Exponentiating integer matrices September 7, 2007

Posted by Ben Webster in crazy ideas, fun problems, Number theory.

So, another question that came up at tea you guys might like is the following:

Let $A$ be matrix with integer entries.  When does $e^A$ have integer entries?

One answer is not all that often: Since the eigenvalues of $e^A$ are the exponentials of the eigenvalues of $A$, the eigenvalues of $A$ must be algebraic integers (since $A$ has integer entries), whose exponentials are algebraic integers.  I have no idea whether this has been proved, but common sense suggests the only such algebraic integer is probably 0.  Assuming this, we obtain that $A$ must be nilpotent.  On the other hand, there is a large selection of nilpotent matrices which do have integer exponentials: for example, if all the entries are divisible by $(n-1)!$ where $A^n=0$ (for example, for all matrices whose square is 0).  Can any get these necessary and sufficient conditions a bit closer?

1. otogo - September 7, 2007

e^(non-zero algebraic number) = transcendental was proved by Lindemann in 1882.

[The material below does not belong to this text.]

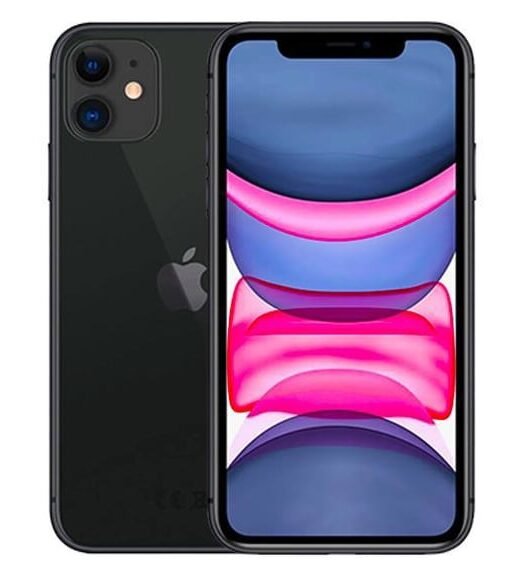 İkinci El iPhone 11 Black 64 GB (12 Ay Garantili)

http://mathworld.wolfram.com/Hermite-LindemannTheorem.html

2. ninguem - September 7, 2007

Lindemann, 1882: if a is a non-zero algebraic number, then exp(a) is transcendental. Hence, since exp(2i\pi)=1, \pi is transcendental. People don’t learn that these days?

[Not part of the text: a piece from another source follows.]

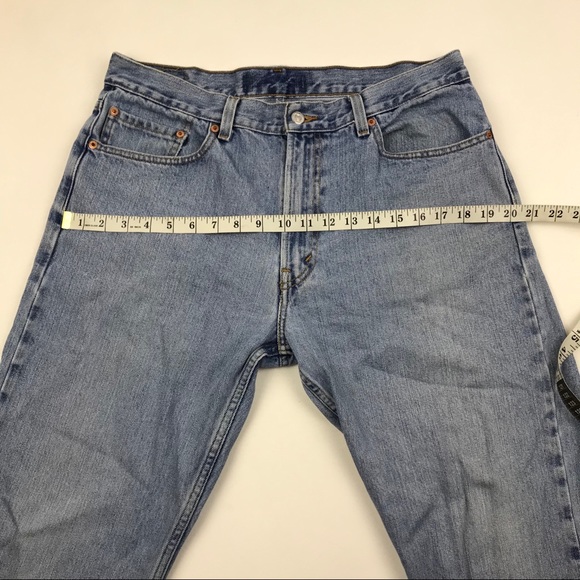 Vintage Levi’s 505 High Waist wedgie fit Jeans - Picture 4 of 6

3. David Speyer - September 8, 2007

If a matrix with integer entries is nilpotent then there is an integer change of basis which makes it strictly upper triangular (and still have integer entries). I’ll provide a proof on request. So it is enough to answer this question for strictly uper triangular integer matrices. I don’t think there is going to be a very nice answer, though, just a list of congruence conditions.

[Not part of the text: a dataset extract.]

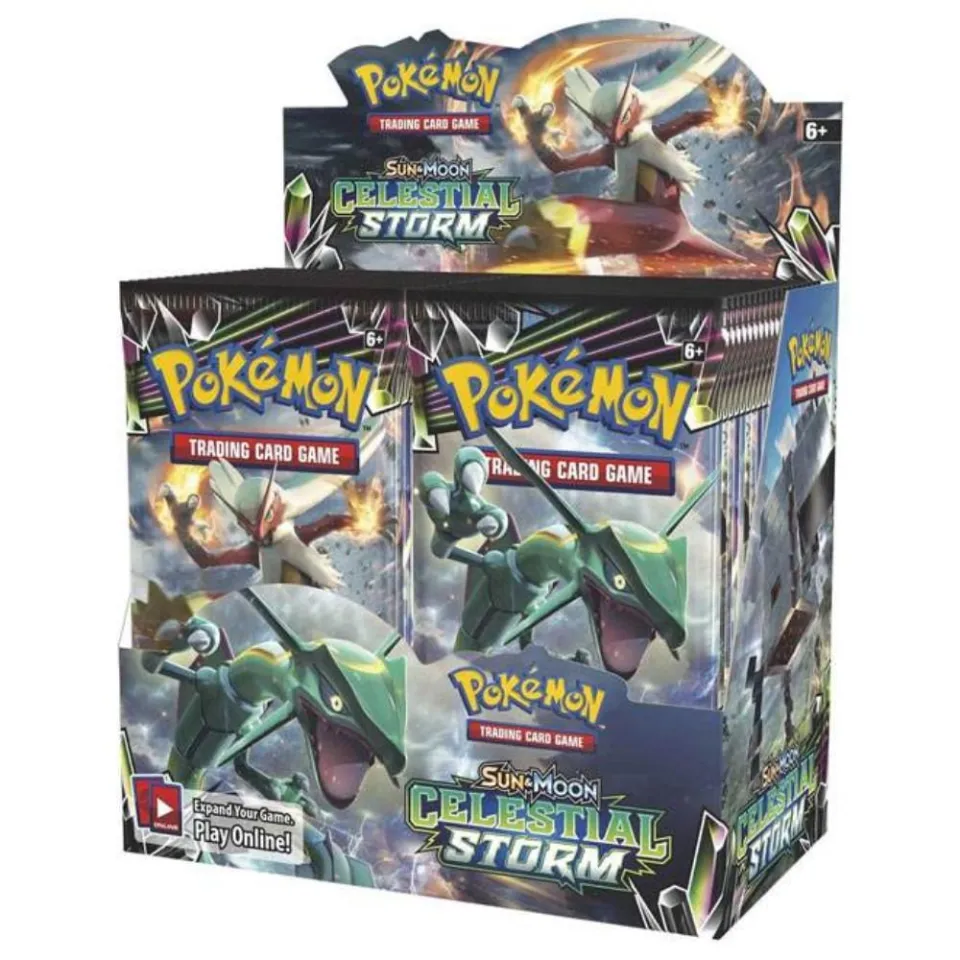 shiny star v booster box japanese Pokémon TCG | Shiny Treasure ex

4. Ben Webster - September 8, 2007

I’ll provide a proof on request.

I, for one, would like to see a proof.

5. Ben Webster - September 8, 2007

Strike that. I figured it out.

6. Isabel - September 8, 2007

What about the matrix 2^A (or, more properly, exp(A ln 2)?) When does this have integer entries?

If A = [[a b] [b a]], then 2^A = [[2^k + 2^l, 2^k - 2^l] [2^k - 2^l, 2^k + 2^l]] with k = a+b-1, l = a-b-1. (Maple says so.) If a > b this gives an infinite family of solutions.

Thinking about upper triangular matrices, if A = [[a b] [0 d]], then 2^A = [[2^a, b(2^d - 2^a)/(d-a)] [0, 2^d]] and so for any a and d we can find b which makes 2^A have integer entries.

7. Sombra - November 12, 2007

somewhat along the same lines…If a matrix A is nilpotent how do you find A^p for large p? Lambda is 2 with multiplicity 3 and A is upper triangular with 2′s on the diagonal and 1′s above the diagonal.